Indeed, Lutnick was receptive to a more technology neutral approach: “Let’s use satellites, let’s use fixed wireless, let’s use fiber, let’s do it the cheapest, most efficient way we can,” he said of the program.

He agreed to Cruz’s request that he work with Cruz’s office to “review” the program and “refocus it on Congress’s core objectives of deploying high-speed internet to unserved areas in a tech-neutral manner, and not pursuing extraneous or partisan social goals.” 

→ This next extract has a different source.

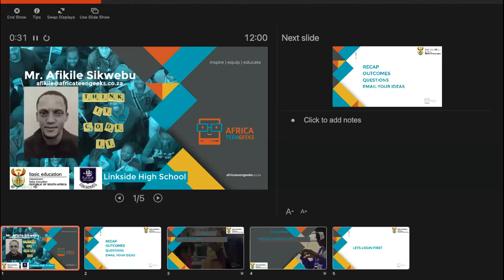Good morning everybody, you are welcome to session number 12 of Coding with Miss Sora. My name is Afiki Lesikwebu, for some of you who might be joining us for the first time. If you are joining for the first time, my email address is afikile@africateengeeks.co.za where you can email me your ideas, questions, or suggestions of projects you would like us to do.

States are currently allowed to fund non-fiber projects, as long as no qualifying fiber providers are interested in a given area or fiber would be too expensive. More than half have begun fielding grant applications under the current rules, but the NTIA isn’t expected to approve new spending plans until Trump appointees are officially in control.

“BEAD will continue but there is likely to be some pause,” Levin wrote in an investor note after the hearing. “And some rules that reduce the amount that would, under the current framework, go to fiber and move funds to satellite.” 

Question about non-deployment funds

Asked by Thune whether he would “work to ensure that this BEAD funding is only used for actual broadband infrastructure builds,” Lutnick said, “Absolutely.”

States expecting leftover BEAD funds after connecting each eligible home and business are planning to spend them on things like workforce development and digital skills training, something allowed for by the program.

The Infrastructure Act allowed spending on broadband adoption initiatives and other activities in addition to deployment. Louisiana’s approved BEAD plan allocated more than $500 million on non-deployment efforts.

“The speed and certainty of his answer suggests to us that he may not have been fully briefed on the issue,” Levin wrote in an investor note after the hearing. Levin said state governors would likely push back against any attempt to block non-deployment spending.

Joe Kane, director of broadband and spectrum policy at ITIF, said in an interview with Broadband Breakfast that Thune may have been referring to taking out provisions like labor and middle class affordability requirements, seen by the GOP as extraneous, rather than nixing non-deployment spending itself.